Estamos diante de uma Guerra Fria entre EUA e China? Longe de ser um mero exercício teórico, essa pergunta definirá os cálculos estratégicos de todos os países —incluindo o Brasil— nas próximas décadas. A depender da resposta em Brasília, os caminhos que se abrem à nossa relação com o mundo levam a lugares distintos.
Os que falam em nova Guerra Fria referem-se à ideia de um antagonismo, em escala global, entre duas superpotências. De fato, a disputa entre China e EUA já se alastrou a todos os continentes e temas da agenda global —do mar do Sul da China ao futuro do TikTok.
Mas a Guerra Fria do século 20 foi muito mais do que o choque entre as duas nações mais poderosas da época. E a analogia histórica “mais confunde do que explica” os desafios da atualidade, aponta Odd Arne Westad, um dos maiores historiadores do período.
O sistema internacional que perdurou do fim dos anos 1940 a 1991 tinha duas características basilares. A primeira era o duelo entre ideologias universalistas e antitéticas: comunismo e capitalismo. O leninismo soviético acreditava que seu triunfo dependia da destruição completa (e inevitável) do sistema capitalista.
O confronto ideológico permitia às superpotências apenas compromissos relativos, temporários. Ao final, prevaleceria um jogo de soma zero —uma derrota soviética era uma vitória americana, e vice-versa.
Há quem veja na China de Xi Jinping um projeto internacionalista, como se Pequim quisesse exportar uma ideologia mundo afora. É essa a convicção de parte do governo Bolsonaro, a começar pela cúpula do Itamaraty. E, se o embate EUA-China é um confronto entre modelos políticos, o Brasil —uma democracia de livre-mercado— inevitavelmente tem lado: Washington.
Essa interpretação, porém, viola os fatos. A China tem um capitalismo de Estado, e sua força motriz no plano global não é um projeto internacionalista, mas o nacionalismo. Pequim reivindica um “lugar de direito” entre potências, o qual chineses teriam ocupado até dois séculos atrás.
Na visão chinesa, Washington representa o principal obstáculo à expansão de sua influência, com a Ásia no centro da disputa, assim como uma ameaça ao próprio regime do Partido Comunista Chinês. Mas, há quatro décadas, chineses não acreditam que destruir o sistema de governo americano, ou a democracia ocidental, seja precondição para alcançar seus objetivos estratégicos.
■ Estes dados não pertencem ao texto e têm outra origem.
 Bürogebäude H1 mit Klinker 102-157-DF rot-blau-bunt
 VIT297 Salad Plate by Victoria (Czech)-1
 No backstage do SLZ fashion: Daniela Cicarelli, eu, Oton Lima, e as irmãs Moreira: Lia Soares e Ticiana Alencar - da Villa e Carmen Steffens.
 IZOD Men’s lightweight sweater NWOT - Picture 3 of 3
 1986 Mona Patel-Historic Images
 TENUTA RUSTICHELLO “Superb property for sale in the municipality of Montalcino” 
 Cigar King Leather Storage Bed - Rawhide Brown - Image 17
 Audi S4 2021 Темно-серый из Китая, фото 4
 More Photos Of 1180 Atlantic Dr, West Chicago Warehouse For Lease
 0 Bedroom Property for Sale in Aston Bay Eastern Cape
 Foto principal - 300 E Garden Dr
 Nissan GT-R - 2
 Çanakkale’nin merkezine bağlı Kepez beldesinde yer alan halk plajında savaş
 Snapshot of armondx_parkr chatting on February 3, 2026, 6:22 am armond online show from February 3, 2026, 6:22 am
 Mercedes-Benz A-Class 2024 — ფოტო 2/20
O segundo traço distintivo da Guerra Fria relacionava-se à distribuição de poder no mundo, a qual era profundamente distinta da que temos hoje. Sobretudo em suas primeiras décadas, a Guerra Fria tinha uma estrutura clara: dois blocos ideológicos antagônicos, liderados por EUA e URSS, a se entreolhar à beira do precipício da guerra atômica (em outras palavras: a destruição da humanidade).
Juntos, o confronto ideológico e a bipolaridade sob armas nucleares resultavam na máxima de Raymond Aron: “Paz impossível, guerra improvável”.
Entre China e EUA hoje, a paz é absolutamente possível e a guerra total, ainda mais improvável.
A economia global, com enorme interdependência entre americanos e chineses, também mudou drasticamente. Os blocos capitalista e socialista comerciavam entre si, mas eram relativamente isolados. Hoje, é difícil dizer onde termina a economia americana e começa a chinesa: mais da metade dos aviões comerciais na China são fabricados pela Boeing, e o Starbucks planeja abrir uma loja a cada 15 horas em solo chinês até 2022.
Despido o mito da Nova Guerra Fria, o Brasil fica diante de um confronto por poder e influência entre seus dois maiores parceiros comerciais —com todos os problemas (e oportunidades) que ele enseja.
Alinhamentos automáticos perdem sentido. E os custos de uma visão de mundo divorciada da realidade tornam-se ainda mais evidentes.